To clearly display the assessment outcomes of the aforementioned 11 algorithms for various categories, this study employs the normalized histogram of indicators to illustrate the comparative experiment, as depicted in Figure 12 (the evaluation criteria of indicators in the figure are the same as those in Figure 11). We can obviously see that the mAP50 and parameters of the MSUD-YOLO model are far superior to the other 10 comparison models, which further indicates that the proposed strategy can improve precision while reducing model complexity.

In summary, the MSUD-YOLO algorithm proposed in this article has high detection accuracy, strong adaptability and robustness when dealing with UAV aerial image object detection tasks. Meanwhile, deployment in drone embedded devices is also easier, which has high potential and advantages in practical applications.

4.6. Visual Experiment

To further evaluate the efficacy of MSUD-YOLO, we conducted visual experiments on the testing set, with the results displayed in Figure 13. In the experiments, various types of detection scenes including complex backgrounds (e.g., occlusion, nighttime, dark light), dense overlapping, small objects, different shooting heights and angles were selected as detection samples to compare the detection performance of YOLOv10s and MSUD-YOLO. The red dashed box in the figure indicates the comparison area for this experiment. It can be seen that the proposed model in our paper can well complete the detection task of various objects, and it can correctly recognize and locate objects in various scenarios.

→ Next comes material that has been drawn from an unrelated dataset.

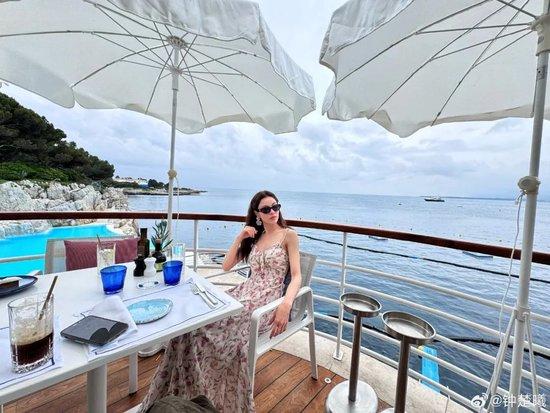 夏日的钟楚曦:你可真是把我辣得说不出话  第16张 夏日的钟楚曦:你可真是把我辣得说不出话  第16张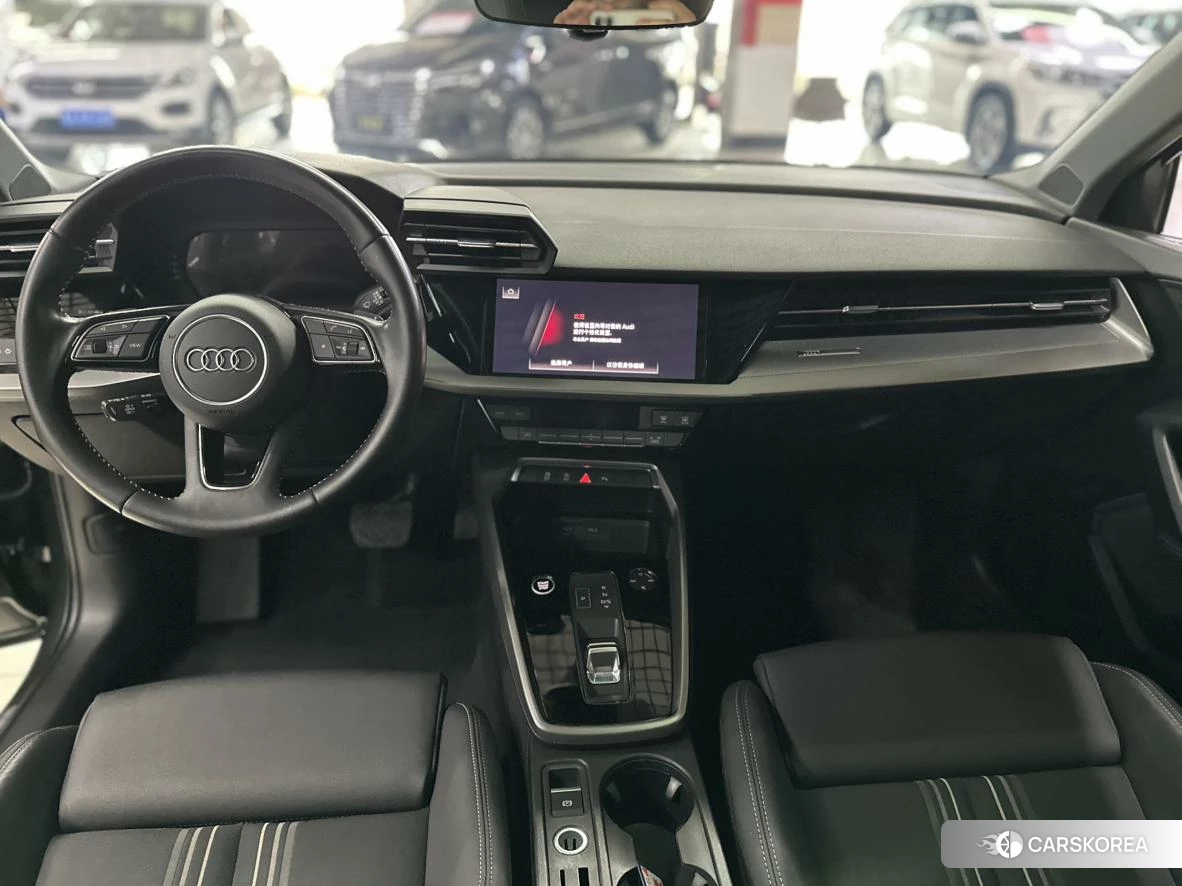 Audi A3 id 4498838 из Китая 7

As illustrated in Figure 13, the first column is the scenario with densely overlapping objects. From Figure 13b,c, it is obvious that when objects present as dense and overlapping, YOLOv10s only recognizes a small number of objects, or even no objects. However, the improved model accurately identified pedestrians with dense overlaps. Even in corners with poor light conditions, MSUD-YOLO has excellent detection results. The second column is the intersection scene, in which the object to be detected presents multiscale changes. As can be seen from the red dotted line box in the figure, YOLOv10s missed the detection of many smaller objects, while our model accurately identified small-scale pedestrians and motors, thus verifying the effectiveness of our model in solving multiscale problems. The third and fourth columns are complex scenes such as night and occlusion, respectively. As shown in Figure 13a,b of the third column, YOLOv10s failed to recognize objects in complex backgrounds, misidentified pedestrians as crowds, and missed tricycles in poor lighting places. The improved model not only correctly identifies the object category but also has higher accuracy. In addition, our model also has a good detection effect in the occlusion scene, which proves its adaptability in different environmental conditions.

5. Conclusions

At present, the challenges of multiple scales, small objects, complex backgrounds and dense overlapping often arise when using UAVs for object detection. To address these problems, this paper proposes MSUD-YOLO for precise and efficient object detection in UAV aerial images. MSUD-YOLO replaces the PANet structure of YOLOv10s with the ASF, which merges spatial and scale features to achieve precise detection of multiscale objects in complex backgrounds. Meanwhile, the feature structure and prediction head specially designed for small objects are combined to solve the detection problem of small objects in aerial images. Furthermore, by integrating the CFormerCGLU and GSConv modules, the improved model not only improves its feature extraction capability but also lowers computational cost. Lastly, the WIoU v3 loss function is used, incorporating a gradient allocation method to make our model more focused on low-quality examples, which improves the model’s overall performance. The experimental results illustrate that compared with YOLOv10s, MSUD-YOLO has achieved better detection performance on the VisDrone2019 dataset. Specifically, mAP50 is increased by 8.5%, mAP50-95 is increased by 7.4%, the speed is 8.0% faster, the parameters are decreased by 6.3% and the model size is reduced by 4.4%. Furthermore, in comparison with multiple latest UAV object detection algorithms, our MSUD-YOLO model demonstrates the best comprehensive performance, providing a more efficient solution for the high-precision detection of UAV aerial image object under complex background.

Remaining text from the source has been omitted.